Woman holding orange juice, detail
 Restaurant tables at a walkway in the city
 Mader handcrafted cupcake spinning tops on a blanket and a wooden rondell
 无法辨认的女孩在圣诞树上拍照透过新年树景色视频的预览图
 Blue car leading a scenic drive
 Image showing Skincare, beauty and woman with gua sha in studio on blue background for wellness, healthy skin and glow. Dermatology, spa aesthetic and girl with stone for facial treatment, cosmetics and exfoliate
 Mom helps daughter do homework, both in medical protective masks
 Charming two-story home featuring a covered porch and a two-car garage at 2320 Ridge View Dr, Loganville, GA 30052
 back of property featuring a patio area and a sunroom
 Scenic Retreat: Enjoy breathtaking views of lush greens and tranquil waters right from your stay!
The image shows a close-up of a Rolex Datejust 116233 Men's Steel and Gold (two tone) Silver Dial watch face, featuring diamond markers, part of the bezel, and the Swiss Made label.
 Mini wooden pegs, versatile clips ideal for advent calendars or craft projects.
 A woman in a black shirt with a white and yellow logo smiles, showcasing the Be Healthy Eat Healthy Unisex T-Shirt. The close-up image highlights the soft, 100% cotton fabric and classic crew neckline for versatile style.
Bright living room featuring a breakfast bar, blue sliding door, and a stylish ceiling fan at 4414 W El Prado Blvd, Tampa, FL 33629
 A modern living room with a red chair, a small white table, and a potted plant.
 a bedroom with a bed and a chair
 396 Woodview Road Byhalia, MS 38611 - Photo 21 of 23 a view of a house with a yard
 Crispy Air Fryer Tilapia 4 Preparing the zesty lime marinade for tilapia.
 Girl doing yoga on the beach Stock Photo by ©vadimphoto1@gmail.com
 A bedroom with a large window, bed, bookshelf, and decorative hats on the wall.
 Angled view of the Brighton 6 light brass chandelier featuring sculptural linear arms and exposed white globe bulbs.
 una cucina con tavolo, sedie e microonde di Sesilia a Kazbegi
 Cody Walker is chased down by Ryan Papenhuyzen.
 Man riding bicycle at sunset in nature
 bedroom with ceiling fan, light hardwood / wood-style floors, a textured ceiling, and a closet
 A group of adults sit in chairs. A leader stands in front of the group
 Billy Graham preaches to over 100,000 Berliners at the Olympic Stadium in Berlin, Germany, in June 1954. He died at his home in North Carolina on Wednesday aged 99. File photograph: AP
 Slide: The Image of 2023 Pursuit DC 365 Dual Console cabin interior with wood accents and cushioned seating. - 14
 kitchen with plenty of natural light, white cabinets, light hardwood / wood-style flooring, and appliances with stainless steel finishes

◆ Brief
The required answer is the run of lines above, starting at the line with "Mom helps daughter" and ending at the line with "Cody Walker is", reproduced exactly with both ends.

◆ Completed task
 Mom helps daughter do homework, both in medical protective masks
 Charming two-story home featuring a covered porch and a two-car garage at 2320 Ridge View Dr, Loganville, GA 30052
 back of property featuring a patio area and a sunroom
 Scenic Retreat: Enjoy breathtaking views of lush greens and tranquil waters right from your stay!
The image shows a close-up of a Rolex Datejust 116233 Men's Steel and Gold (two tone) Silver Dial watch face, featuring diamond markers, part of the bezel, and the Swiss Made label.
 Mini wooden pegs, versatile clips ideal for advent calendars or craft projects.
 A woman in a black shirt with a white and yellow logo smiles, showcasing the Be Healthy Eat Healthy Unisex T-Shirt. The close-up image highlights the soft, 100% cotton fabric and classic crew neckline for versatile style.
Bright living room featuring a breakfast bar, blue sliding door, and a stylish ceiling fan at 4414 W El Prado Blvd, Tampa, FL 33629
 A modern living room with a red chair, a small white table, and a potted plant.
 a bedroom with a bed and a chair
 396 Woodview Road Byhalia, MS 38611 - Photo 21 of 23 a view of a house with a yard
 Crispy Air Fryer Tilapia 4 Preparing the zesty lime marinade for tilapia.
 Girl doing yoga on the beach Stock Photo by ©vadimphoto1@gmail.com
 A bedroom with a large window, bed, bookshelf, and decorative hats on the wall.
 Angled view of the Brighton 6 light brass chandelier featuring sculptural linear arms and exposed white globe bulbs.
 una cucina con tavolo, sedie e microonde di Sesilia a Kazbegi
 Cody Walker is chased down by Ryan Papenhuyzen.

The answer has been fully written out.